### EXERCISE
Lower down are entries containing pictures. Copy exactly, without those pictures, the lines from the line with "Personalized Birthday Invitation" through the line with "3Colors Women Solid".

### EXTRACTED INFORMATION
• • • • • • •
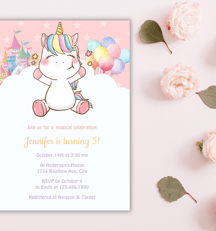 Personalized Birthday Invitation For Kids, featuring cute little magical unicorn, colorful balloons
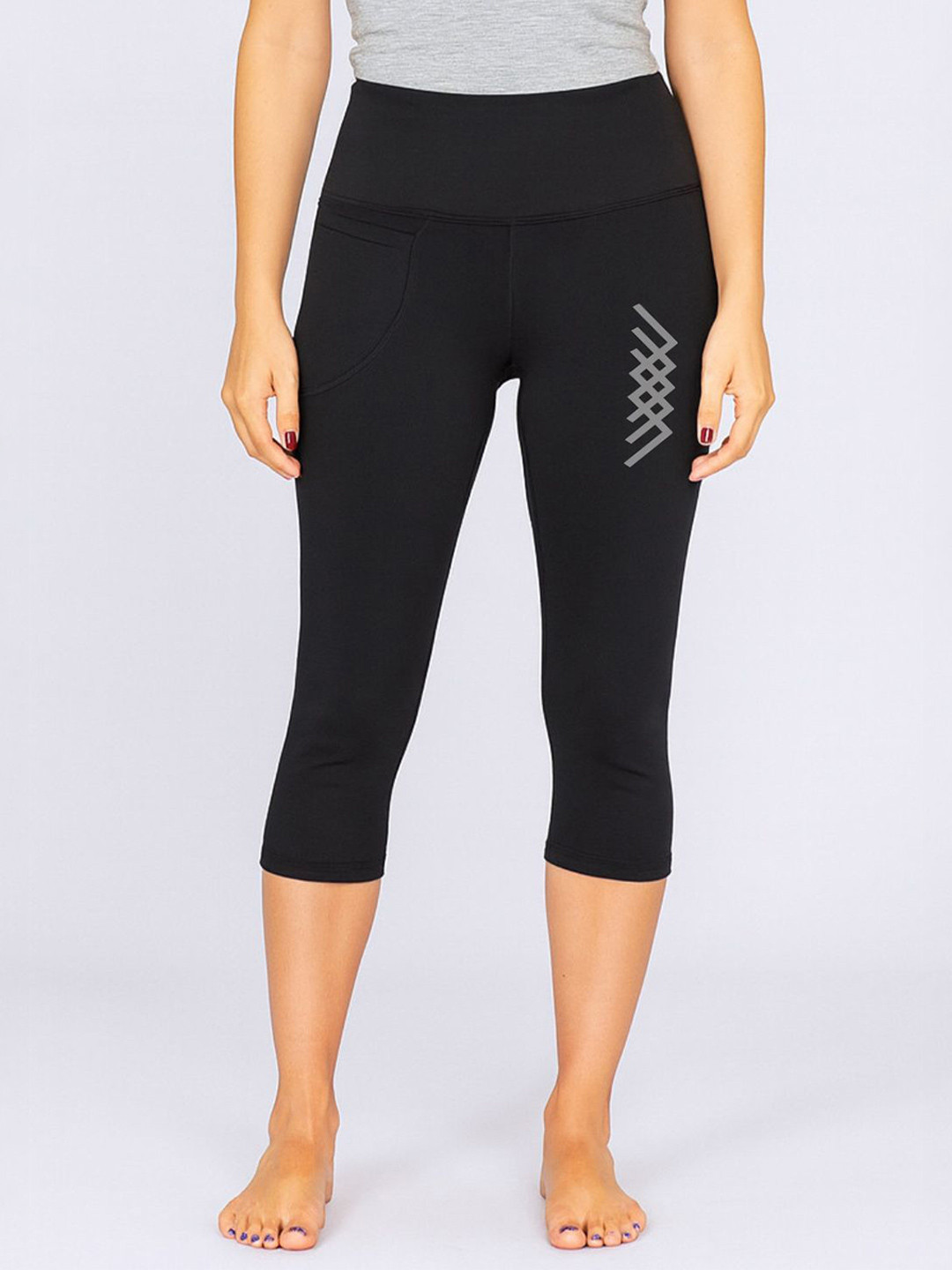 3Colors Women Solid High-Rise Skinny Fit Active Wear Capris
• • • • • • •
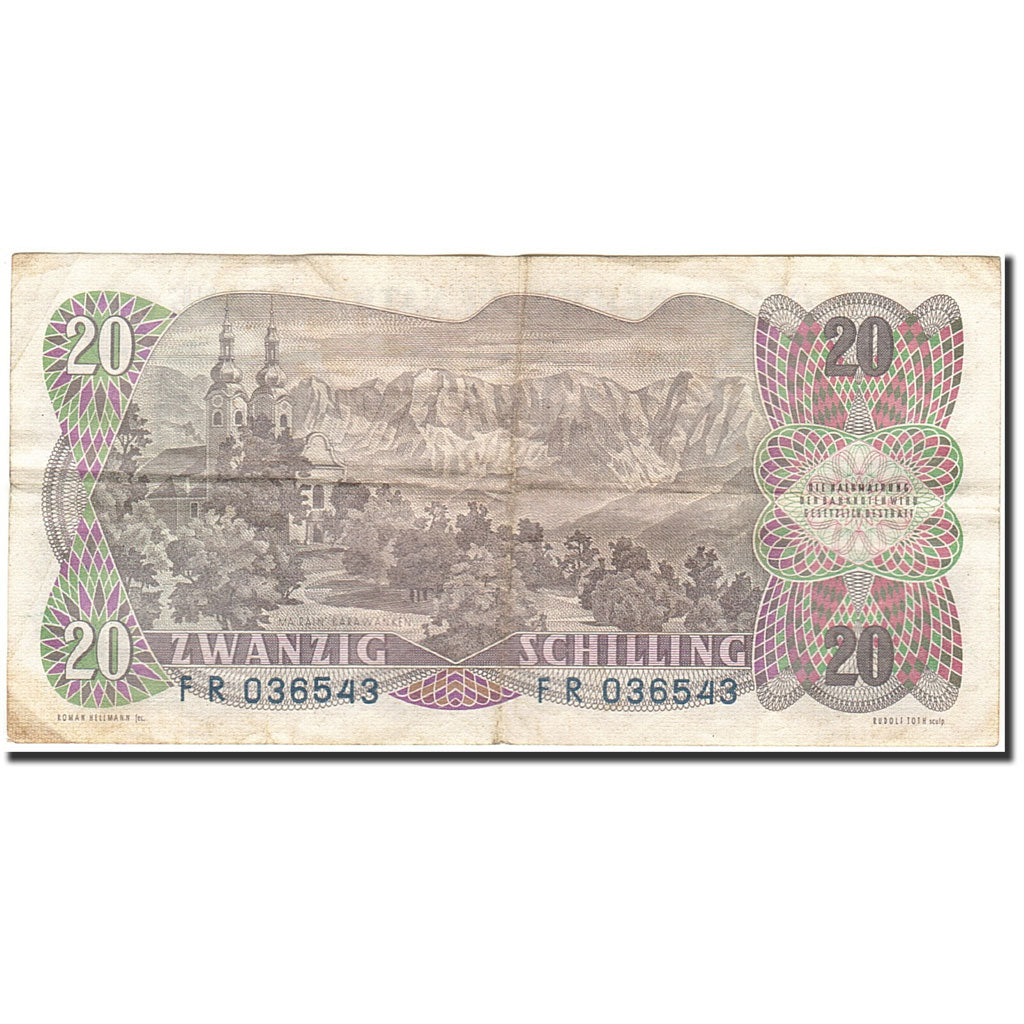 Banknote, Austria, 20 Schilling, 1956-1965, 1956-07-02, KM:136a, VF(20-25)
• • • • • • •
### OUTPUT
 Personalized Birthday Invitation For Kids, featuring cute little magical unicorn, colorful balloons
 3Colors Women Solid High-Rise Skinny Fit Active Wear Capris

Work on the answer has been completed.